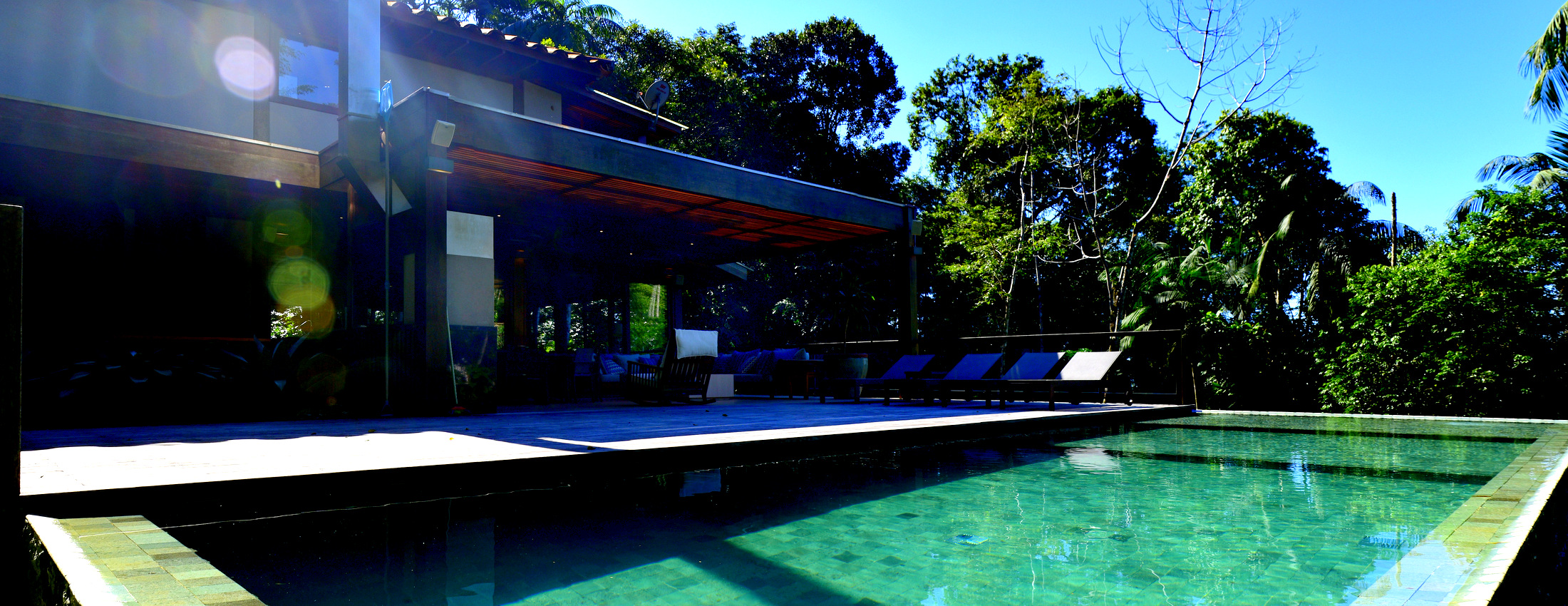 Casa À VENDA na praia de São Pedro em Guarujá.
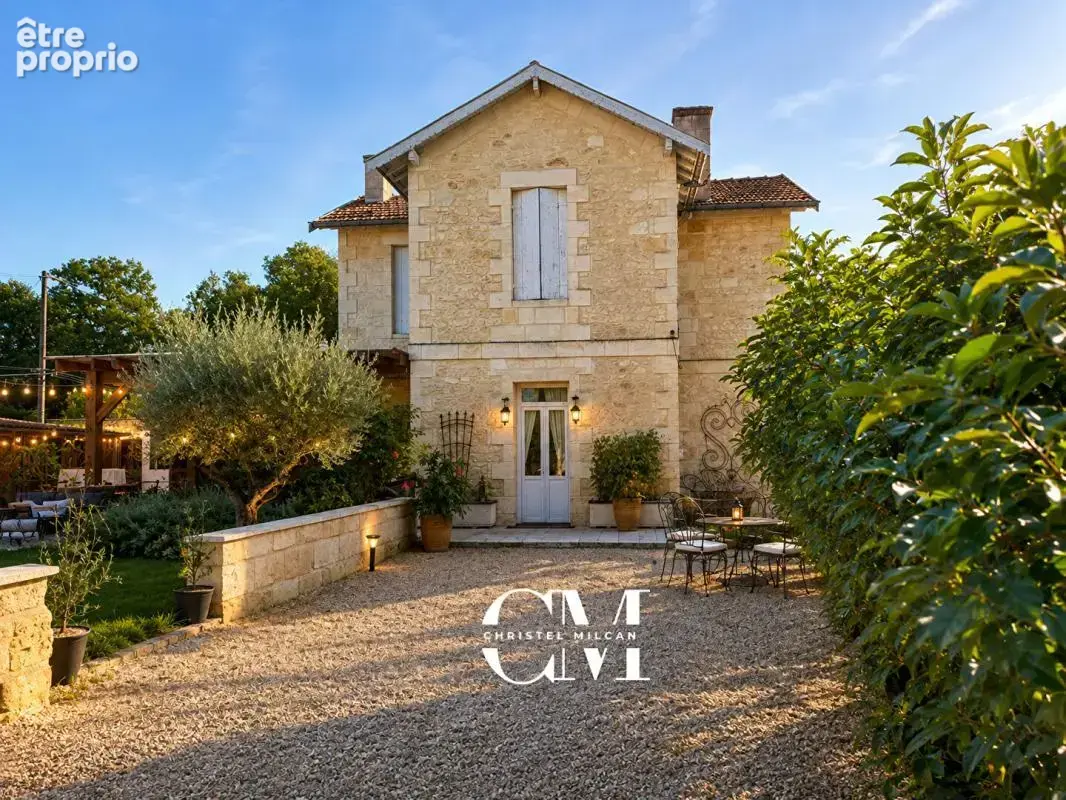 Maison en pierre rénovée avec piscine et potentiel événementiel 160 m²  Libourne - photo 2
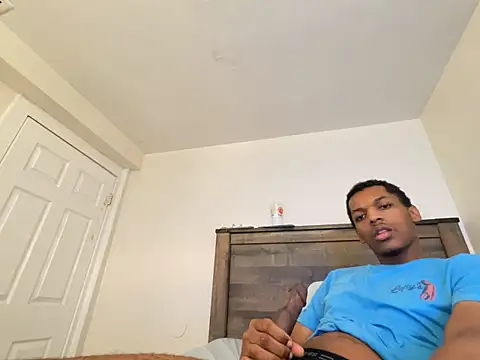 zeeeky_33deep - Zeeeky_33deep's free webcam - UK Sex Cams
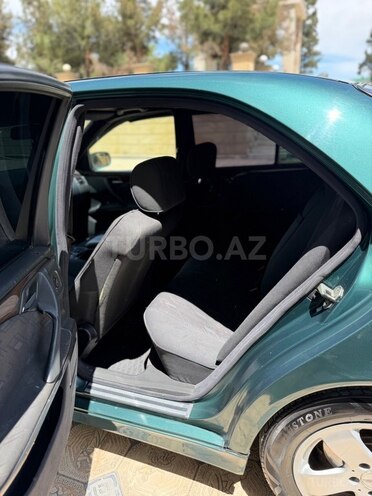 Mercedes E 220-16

■ ■ ■ ■

*Instructions for the task*
Starting from the line where "zeeeky_33deep - Zeeeky_33deep's" appears, copy every line through the end of the material, both ends included, but no pictures.

*Finished exercise*
 zeeeky_33deep - Zeeeky_33deep's free webcam - UK Sex Cams
 Mercedes E 220-16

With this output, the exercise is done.